◆ **Exercise objective**
When you reproduce the listing, keep every word as it is and drop the pictures.

◆ **Dataset excerpt**
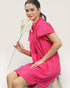 Woman in a pink dress holding a flower against a plain background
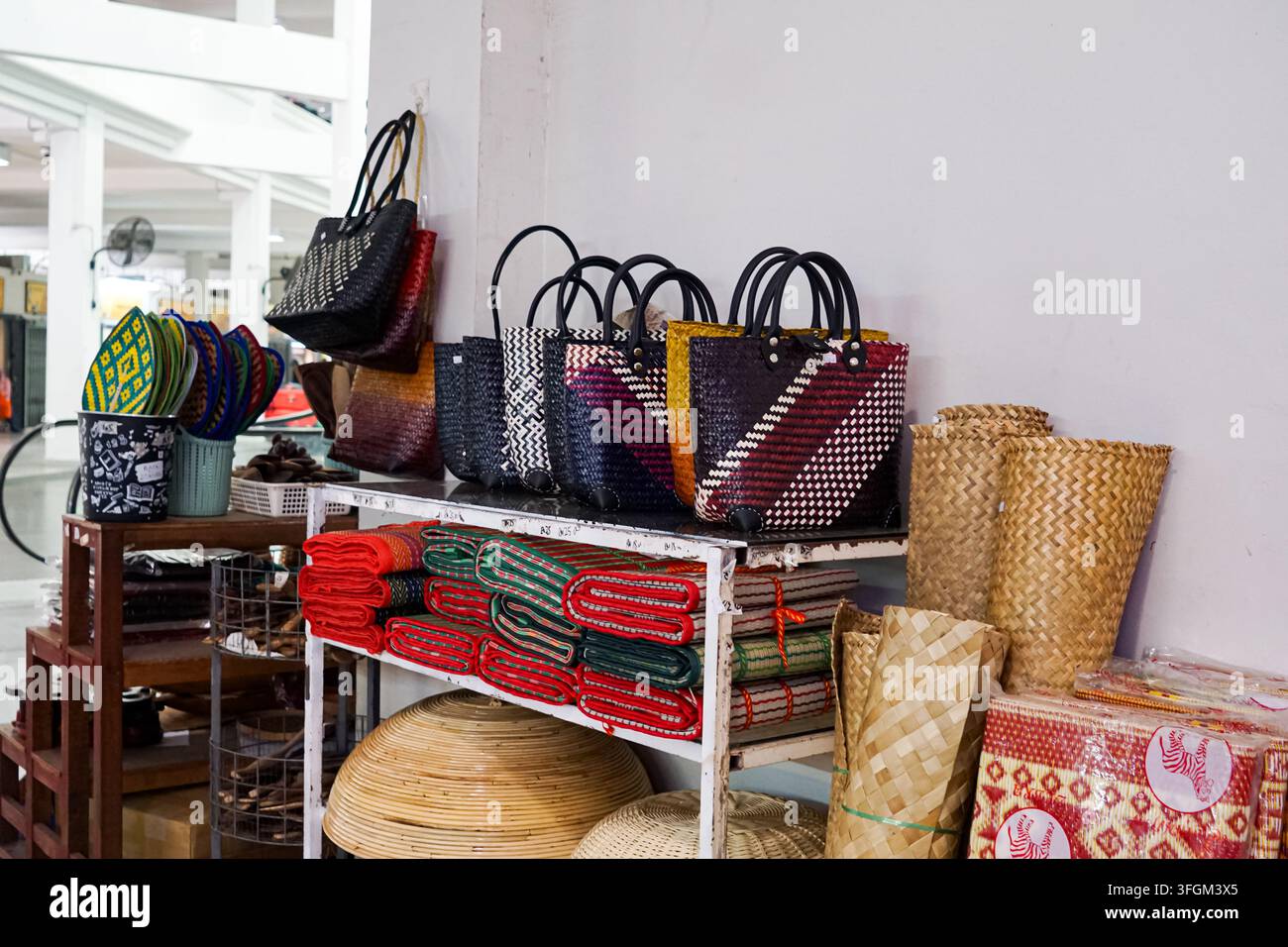 Eine Sammlung handgefertigter gewebter Taschen, Rattan-Körbe und gerollter Matten, ordentlich in Regalen bei Kedai Pasar Payang, Kuala Terengganu, Terengganu, präsentiert Stockfoto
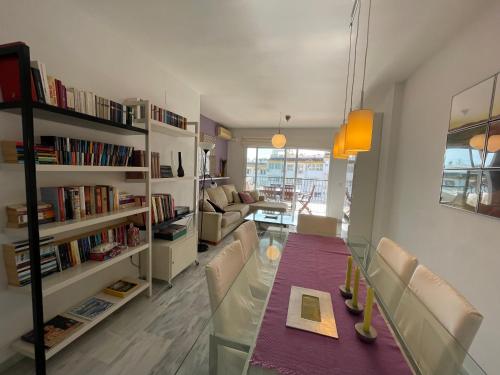 ein Wohnzimmer mit einem Glastisch und einem Bücherregal in der Unterkunft Cozy apartment in Costa del Sol in Mijas Costa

◆ **Task result**
 Woman in a pink dress holding a flower against a plain background
 Eine Sammlung handgefertigter gewebter Taschen, Rattan-Körbe und gerollter Matten, ordentlich in Regalen bei Kedai Pasar Payang, Kuala Terengganu, Terengganu, präsentiert Stockfoto
 ein Wohnzimmer mit einem Glastisch und einem Bücherregal in der Unterkunft Cozy apartment in Costa del Sol in Mijas Costa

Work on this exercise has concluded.